WORK TO COMPLETE :: Below are the records; they must be reproduced verbatim.

SOURCE DATA ::
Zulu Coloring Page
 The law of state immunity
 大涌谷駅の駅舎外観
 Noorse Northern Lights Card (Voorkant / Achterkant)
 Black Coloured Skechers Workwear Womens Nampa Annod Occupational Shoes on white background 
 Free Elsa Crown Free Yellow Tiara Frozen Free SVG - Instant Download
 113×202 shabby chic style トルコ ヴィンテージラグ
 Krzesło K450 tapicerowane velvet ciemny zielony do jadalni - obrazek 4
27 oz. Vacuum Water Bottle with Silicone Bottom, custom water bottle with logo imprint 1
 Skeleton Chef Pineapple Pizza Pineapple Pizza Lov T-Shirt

SOLUTION ::
Zulu Coloring Page
 The law of state immunity
 大涌谷駅の駅舎外観
 Noorse Northern Lights Card (Voorkant / Achterkant)
 Black Coloured Skechers Workwear Womens Nampa Annod Occupational Shoes on white background 
 Free Elsa Crown Free Yellow Tiara Frozen Free SVG - Instant Download
 113×202 shabby chic style トルコ ヴィンテージラグ
 Krzesło K450 tapicerowane velvet ciemny zielony do jadalni - obrazek 4
27 oz. Vacuum Water Bottle with Silicone Bottom, custom water bottle with logo imprint 1
 Skeleton Chef Pineapple Pizza Pineapple Pizza Lov T-Shirt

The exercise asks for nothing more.